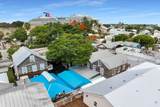 4 and 6 Charles Street - Photo 48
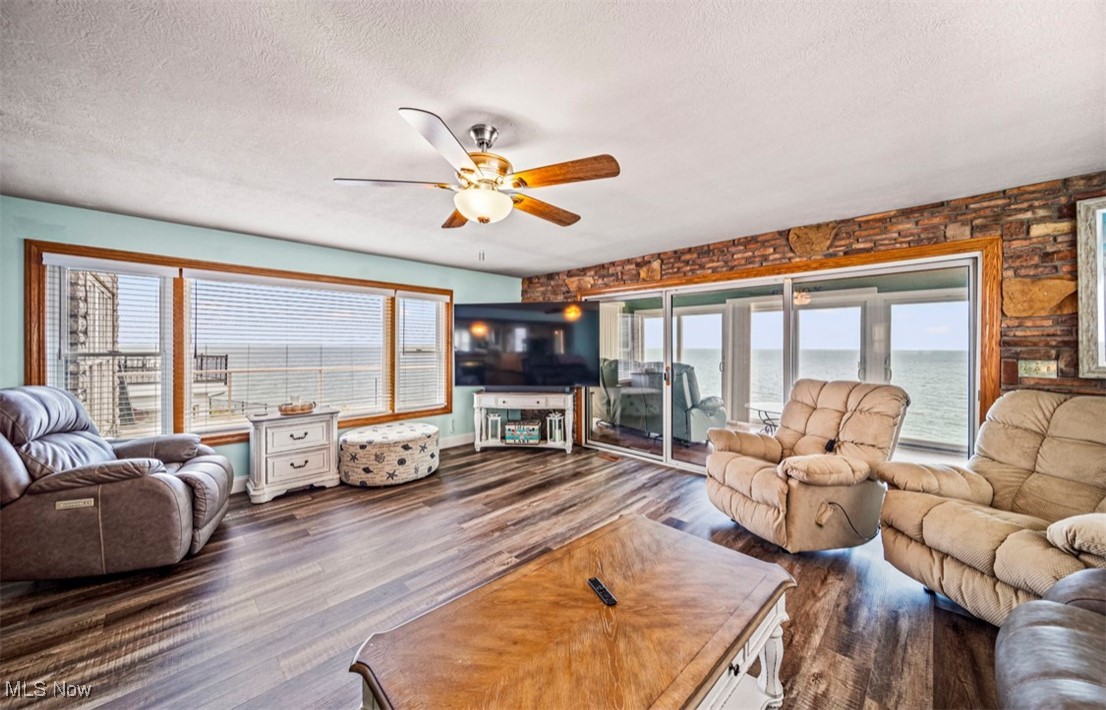 7 Ninevah Beach Drive Ashtabula OH 44004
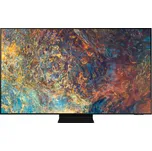 Samsung 98" QLED (QE98QN90AATXXH)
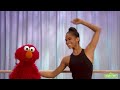 Sesame Street: R is for Routine | 2 Hour Compilation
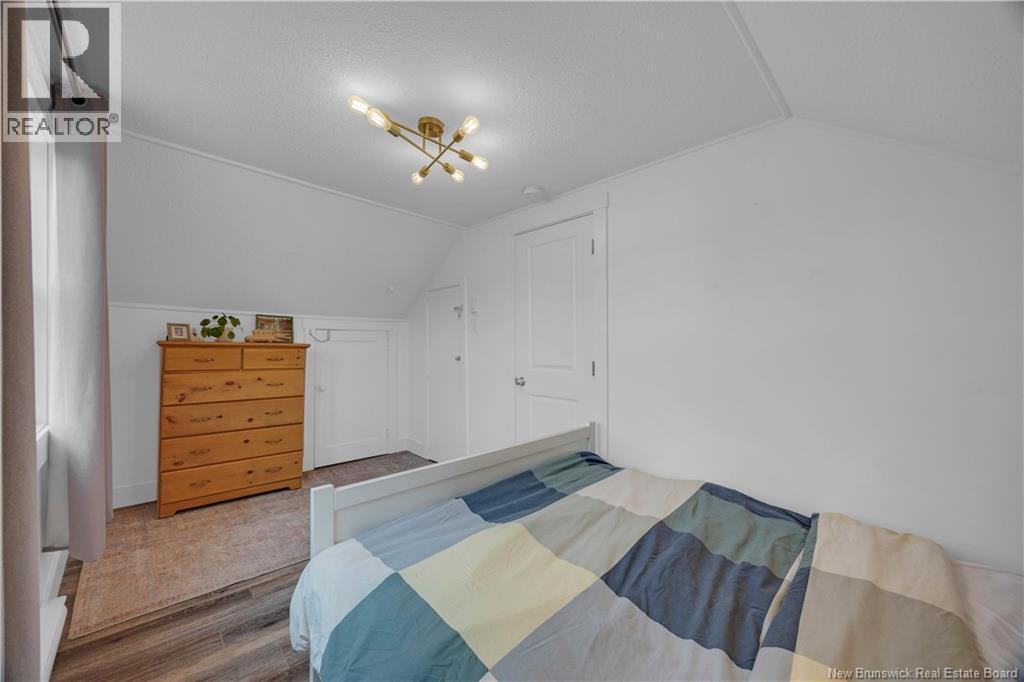 114 Belmont Street, Saint John, New Brunswick  E2J 1K2 - Photo 23 - NB136500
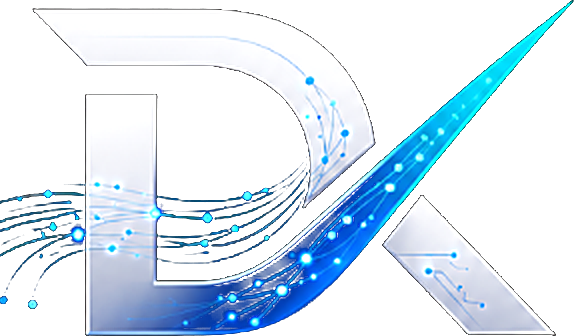 DeluVex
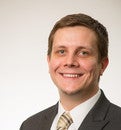 Nick Gray Real Estate Agent at North Shore Residential
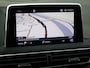 Peugeot 5008 1.2 PureTech Crossway Avantage 1e-Eig. & Keurig-Onderh. BOVAG-Garantie. NL-Auto.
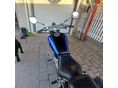 SUZUKI VZ 800 (MARAUDER) 2000/4 - 4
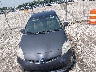 JTDKN3DU2D5****** Destrozados 2013 Toyota Prius en Estado de Missouri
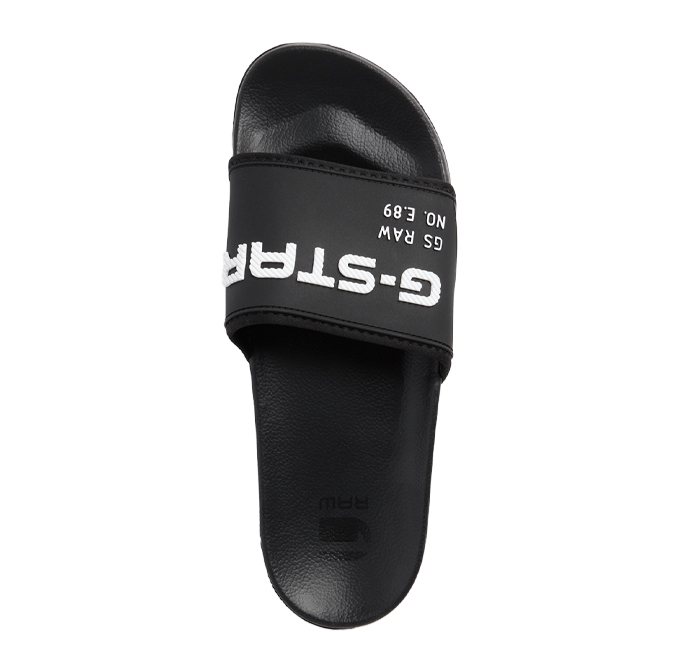 G-Star Cart V TPU Men's Sandals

○ ○ ○ ○ ○ ○ ○

*GOAL OF THE EXERCISE:* Retype every record above exactly as written, but leave out the pictures.

*REPLY:*
 4 and 6 Charles Street - Photo 48
 7 Ninevah Beach Drive Ashtabula OH 44004
 Samsung 98" QLED (QE98QN90AATXXH)
 Sesame Street: R is for Routine | 2 Hour Compilation
 114 Belmont Street, Saint John, New Brunswick  E2J 1K2 - Photo 23 - NB136500
 DeluVex
 Nick Gray Real Estate Agent at North Shore Residential
 Peugeot 5008 1.2 PureTech Crossway Avantage 1e-Eig. & Keurig-Onderh. BOVAG-Garantie. NL-Auto.
 SUZUKI VZ 800 (MARAUDER) 2000/4 - 4
 JTDKN3DU2D5****** Destrozados 2013 Toyota Prius en Estado de Missouri
 G-Star Cart V TPU Men's Sandals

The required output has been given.